O pensamento é o fator comum de toda a
humanidade. Não existe um pensamento oriental ou um pensamento ocidental;
existe apenas a capacidade comum de pensar, quer sejamos completamente pobres
ou mais sofisticados, vivendo numa cidade opulenta. Quer sejamos cirurgião,
carpinteiro, trabalhador do campo ou um grande poeta, o pensamento é o fator
comum a nós todos. Parecemos não perceber que o pensamento é o fator comum que
nos liga. Vocês pensam de acordo com a própria capacidade, a própria energia, a
própria experiência e o próprio conhecimento; o outro pensa de modo diferente,
de acordo com sua experiência e o próprio conhecimento. Estamos todos presos
nessa rede do pensamento. Esse é um fato, indiscutível e real.

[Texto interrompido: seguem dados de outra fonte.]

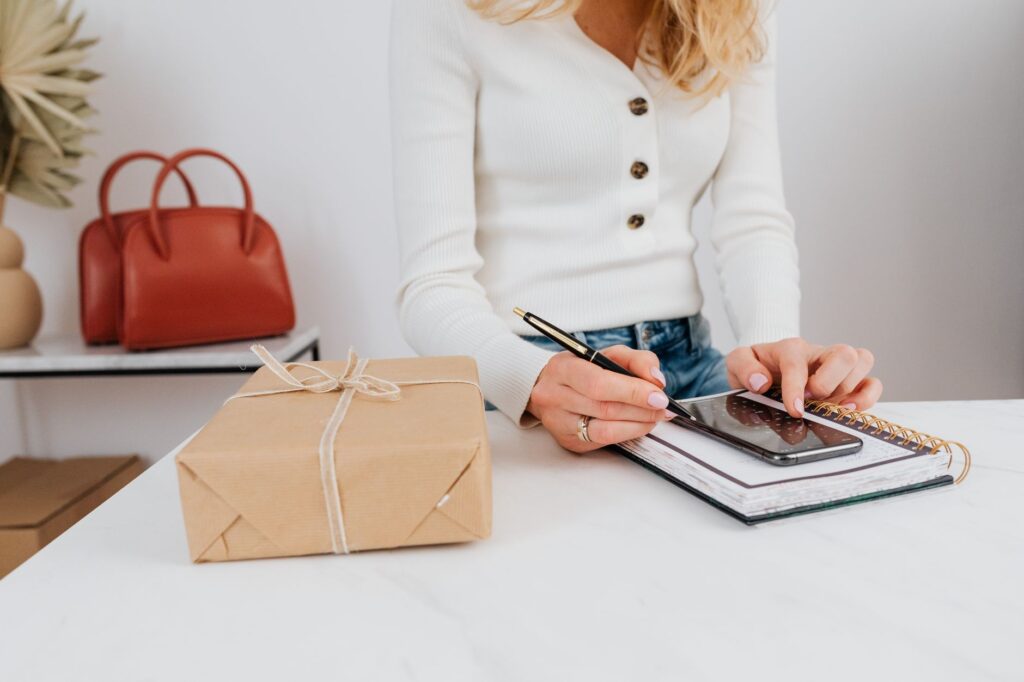 Frete caro faz 57% dos brasileiros abandonarem compras online Mulher confere o celular ao lado de uma encomenda embrulhada em papel kraft sobre a mesa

(...) O pensamento e tudo o que o pensamento
formou faz parte da nossa consciência — a cultura que vivemos, os valores
estéticos, as pressões econômicas, a herança nacional. (2)
(...) A nossa consciência inclui, na
consciência mais profunda, os nossos medos. O homem tem vivido com o medo,
geração após geração. Tem vivido com o prazer, com a inveja, com toda a agonia
da solidão, da depressão e da confusão, e com um grande pesar, com o que ele
chama de amor e com o perpétuo medo da morte. Tudo isso é a sua consciência que
é comum a toda a humanidade. Percebam o que isso significa: isso significa que
você não é mais um indivíduo. Isso é muito duro de aceitar, porque nós fomos
programados, como o computador, para pensar que somos indivíduos. Fomos
programados religiosamente para pensar que temos almas separadas de todos os
demais. Sendo programado, o nosso cérebro trabalha do mesmo modo há muitos
séculos. (3)
(...) Todos vocês pensam e o pensamento se
expressa por palavras ou por meio de um gesto, de um olhar, de algum movimento
corporal. Sendo as palavras comuns a cada um de nós, nós entendemos através
dessas palavras o significado do que está sendo dito. O entanto, o pensamento é
comum a toda a humanidade — é uma coisa muito extraordinária quando a
descobrimos, pois então vemos que o pensamento não é o nosso pensamento: é
pensamento. Temos que aprender a ver as coisas como elas são na realidade — não
como vocês estão programados para olhar... Podemos nos libertar de sermos
programados e olhar?... Somente se vocês não pertencem a nenhuma organização, a
nenhum grupo, a nenhuma religião ou nacionalidade em particular é que poderão
realmente observar. Se vocês acumularam um grande conhecimento, dos livros e da
experiência, as suas mentes já foram preenchidas, os seus cérebros estão
repletos de experiência, das suas tendências particulares, e assim por diante —
tudo o que lhes vai impedir de olhar. (4)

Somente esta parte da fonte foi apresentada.